Le dispositif envisagé consiste à verser aux bénéficiaires des aides personnalisées au logement un complément d'un montant de 100 euros par mois, jusqu'à trois mois après la fin de l'état d'urgence sanitaire. Il repousse de 2022 à 2023 l'entrée en vigueur de la mesure portant de 30 % à 65 % l'exonération de la taxe d'habitation pour les 20 % de ménages les plus aisés et de 2023 à 2024 la suppression de cette taxe pour ces ménages.
L'article 1er instaure le complément de 100 euros, soit une augmentation de 65 % à 100 % du montant des APL pour les étudiants y ayant droit et de près de 50 % du montant moyen des APL, soit 225 euros, pour 6,6 millions de foyers concernés. Cette aide massive s'appliquerait dès la promulgation du texte, en urgence.
L'article 2, quant à lui, modifie l'article 16 de la loi de finances pour 2020, portant dégrèvement de la taxe d'habitation sur la résidence principale des 20 % de ménages les plus aisés : il en reporte la deuxième étape de 2022 à 2023 et la suppression définitive de la taxe de 2023 à 2024. Si – je tiens à le rappeler – la suppression de la taxe d'habitation est une erreur à la fois financière et démocratique, il ne me semble pas judicieux de revenir sur le calendrier établi.
Les auteurs de ce texte ont également voulu apporter une réponse politique à la baisse de 5 euros des APL, décidée par le Gouvernement en début de mandat, et à la réforme actuelle de ces aides, insatisfaisante, j'en conviens, en particulier pour ce qui concerne l'accession à la propriété.
Si le groupe du Rassemblement Démocratique et Social Européen approuve la volonté affichée de lutter contre l'aggravation des inégalités dans la crise, la solution choisie ne semble pas vraiment adaptée aux besoins réels de la population.
Une étude de l'Insee datant de 2016 – les choses ont bien évolué depuis lors, sans doute – révélait de fortes inégalités entre les Français, avec 10 % des plus aisés touchant 6,7 fois plus que les 10 % les plus pauvres, après impôts et prestations sociales. Les inégalités patrimoniales étaient encore plus fortes, et 9,3 millions de personnes avaient un revenu inférieur au seuil de pauvreté.
En 2020, un million de personnes supplémentaire se retrouvent en situation de pauvreté, soit plus de 10 millions de nos concitoyens.

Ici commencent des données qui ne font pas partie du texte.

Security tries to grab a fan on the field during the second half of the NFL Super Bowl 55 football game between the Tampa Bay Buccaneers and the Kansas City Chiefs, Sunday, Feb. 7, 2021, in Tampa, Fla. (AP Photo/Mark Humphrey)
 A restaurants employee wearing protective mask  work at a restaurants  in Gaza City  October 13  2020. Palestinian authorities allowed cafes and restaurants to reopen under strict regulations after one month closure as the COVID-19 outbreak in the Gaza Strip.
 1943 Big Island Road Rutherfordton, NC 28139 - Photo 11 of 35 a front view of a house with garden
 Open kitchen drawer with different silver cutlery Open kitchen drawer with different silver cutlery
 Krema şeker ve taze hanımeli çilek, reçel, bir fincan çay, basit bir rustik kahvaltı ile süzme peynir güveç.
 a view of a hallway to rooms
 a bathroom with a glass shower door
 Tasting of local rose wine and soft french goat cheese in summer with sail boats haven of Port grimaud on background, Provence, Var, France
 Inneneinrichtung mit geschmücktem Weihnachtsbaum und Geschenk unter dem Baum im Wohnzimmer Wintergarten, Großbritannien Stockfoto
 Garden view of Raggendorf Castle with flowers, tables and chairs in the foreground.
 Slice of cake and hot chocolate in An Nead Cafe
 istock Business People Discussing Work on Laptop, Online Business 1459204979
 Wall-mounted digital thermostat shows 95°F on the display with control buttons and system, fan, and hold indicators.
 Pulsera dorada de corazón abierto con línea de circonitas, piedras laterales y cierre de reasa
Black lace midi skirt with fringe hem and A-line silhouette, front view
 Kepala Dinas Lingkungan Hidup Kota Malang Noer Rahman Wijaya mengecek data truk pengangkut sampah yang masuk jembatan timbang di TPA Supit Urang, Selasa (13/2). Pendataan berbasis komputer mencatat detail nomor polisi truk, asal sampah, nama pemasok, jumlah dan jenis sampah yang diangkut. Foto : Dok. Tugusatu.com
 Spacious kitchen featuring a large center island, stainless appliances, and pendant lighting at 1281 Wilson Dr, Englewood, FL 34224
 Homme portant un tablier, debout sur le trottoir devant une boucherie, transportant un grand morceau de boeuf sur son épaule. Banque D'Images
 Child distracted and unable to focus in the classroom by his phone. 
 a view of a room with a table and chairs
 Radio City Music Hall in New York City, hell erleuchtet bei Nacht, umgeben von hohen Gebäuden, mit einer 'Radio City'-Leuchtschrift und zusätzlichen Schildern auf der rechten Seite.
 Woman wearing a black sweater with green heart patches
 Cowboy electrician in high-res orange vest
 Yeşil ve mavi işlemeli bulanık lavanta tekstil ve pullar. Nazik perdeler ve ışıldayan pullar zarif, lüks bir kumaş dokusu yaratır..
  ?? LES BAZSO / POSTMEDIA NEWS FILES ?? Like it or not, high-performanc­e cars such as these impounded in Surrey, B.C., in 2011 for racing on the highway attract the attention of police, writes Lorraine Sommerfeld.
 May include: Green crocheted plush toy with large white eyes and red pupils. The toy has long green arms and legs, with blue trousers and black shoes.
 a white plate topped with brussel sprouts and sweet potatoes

La commission des finances n'a pas adopté le texte. Comme une majorité des membres de cette commission, j'émets de fortes réserves sur l'efficacité de l'article 1er, car la mesure qu'il instaure s'appliquerait uniformément à tous les bénéficiaires des APL, sans condition de ressources ni prise en compte des spécificités.
Or les personnes vivant sous le seuil de pauvreté sont confrontées à des arbitrages insolubles au quotidien : payer les factures ou manger, payer les factures ou se loger, se vêtir, chauffer son logement ou encore se soigner, payer l'assurance, le transport, les impôts ou les crédits en cours. Le reste à vivre diminue comme peau de chagrin, en raison de la part prépondérante des dépenses de logement, le loyer représentant en moyenne 36 % des dépenses des ménages précaires.
Dans ce texte, rien ne vient garantir que les 7 milliards d'euros que coûterait cette disposition seraient véritablement utiles pour lutter contre les inégalités, et il y aurait, à coup sûr, un effet de seuil considérable entre les bénéficiaires de cette mesure et les autres.
C'est pourquoi le groupe du RDSE votera, dans sa majorité, contre cette proposition de loi.